Der Regionalplan für den Planungsraum III (Kreisfreie Städte Kiel, Neumünster, Kreise Plön und Rendsburg-Eckernförde 2000) weist der Gemeinde Rieseby eine ergänzende, überörtliche Versorgungsfunktion in ländlichen Räumen zu. Diese Gemeinden sollen sich unterhalb der Ebene der ländlichen Zentralorte stärker entwickeln als die anderen nicht zentralörtlich eingestuften Gemeinden. Die Leistungsfähigkeit der zentralen Orte soll dabei gewahrt bleiben.
Der 2. Entwurf des Regionalplanes für den neuen Planungsraum II (2025) weist der Gemeinde Rieseby weiterhin eine ergänzende, überörtliche Versorgungsfunktion in ländlichen Räumen zu.

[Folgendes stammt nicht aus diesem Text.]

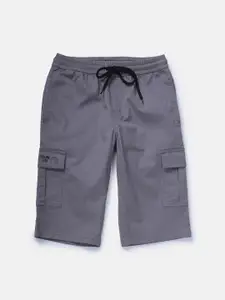 Gini and Jony Boys Mid-Rise Cotton Cargo Shorts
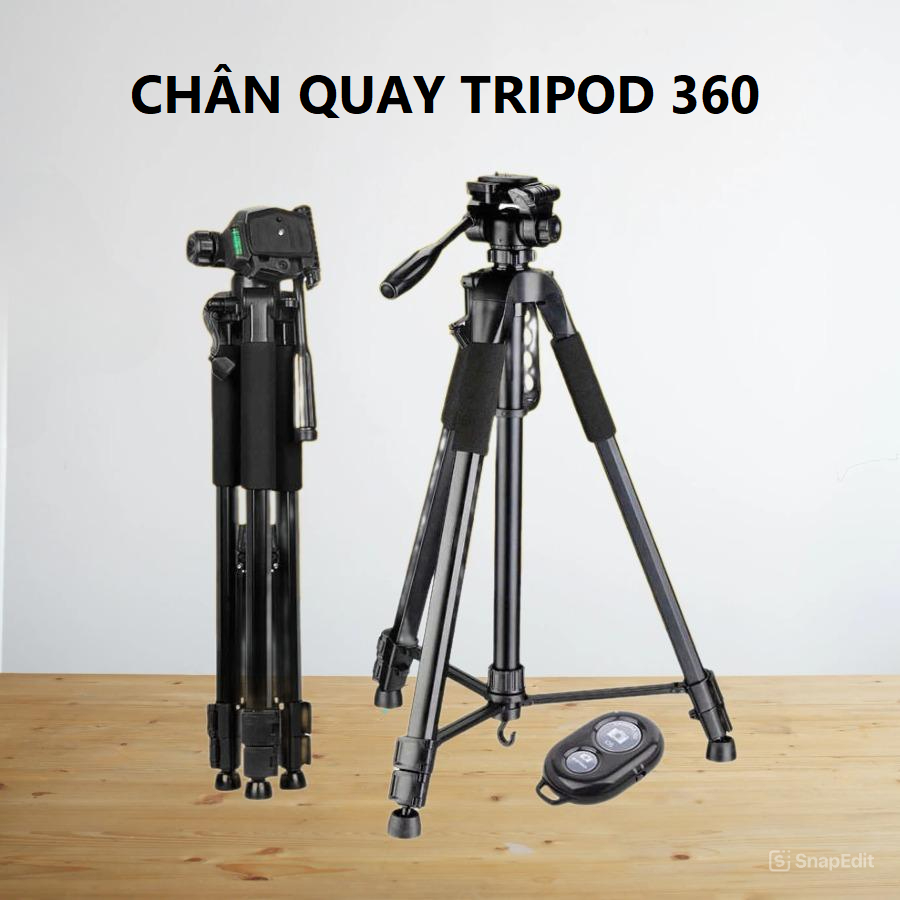 Chân quay máy ảnh điện thoại tripod 3520/360, chân quay tripod hỗ trợ ...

Diese Gemeinden sind im Planungsraum ergänzende Schwerpunkte für Wohnungsbau und Gewerbe.
Weiterhin grenzt das Plangebiet an ein Vorbehaltsgebiet für Natur und Landschaft sowie an ein Vorbehaltsgebiet für den Abbau oberflächennaher Rohstoffe.
Gem. des Entwurfs zur Teilaufstellung des Regionalplanes zum Thema Windenergie an Land (Juli 2025) befindet sich das nächstgelegene Vorranggebiet für Windenergieanlagen PR2_RDE_143 in einem Abstand von mind. 800 m südwestlich und das Gebiet PR2_RDE_009 mind. 900 m südöstlich des Plangebietes.
Die Gemeinde Rieseby, als größte Gemeinde des Amtes Schlei-Ostsee und Gemeinde mit überörtlicher Versorgungsfunktion setzt sich seit mehreren Jahren mit der wohnbaulichen Entwicklung auseinander. Dabei wurden bereits im Jahr 2018 die ersten Gespräche über Entwicklungsflächen zwischen der geschlossenen Ortslage Rieseby und nördlich Sönderby geführt. Insbesondere wurde am 11.11.2020 im Rahmen eines Planungsgesprächs eine nachhaltige und zukunftsorientierte Siedlungsentwicklung, die in mehreren Bauabschnitten entwickelt werden soll, mit dem Ministerium für Inneres, Kommunales, Wohnen und Sport abgestimmt. Insoweit wird auf das als Anlage beigefügte entsprechende Bebauungskonzept verwiesen.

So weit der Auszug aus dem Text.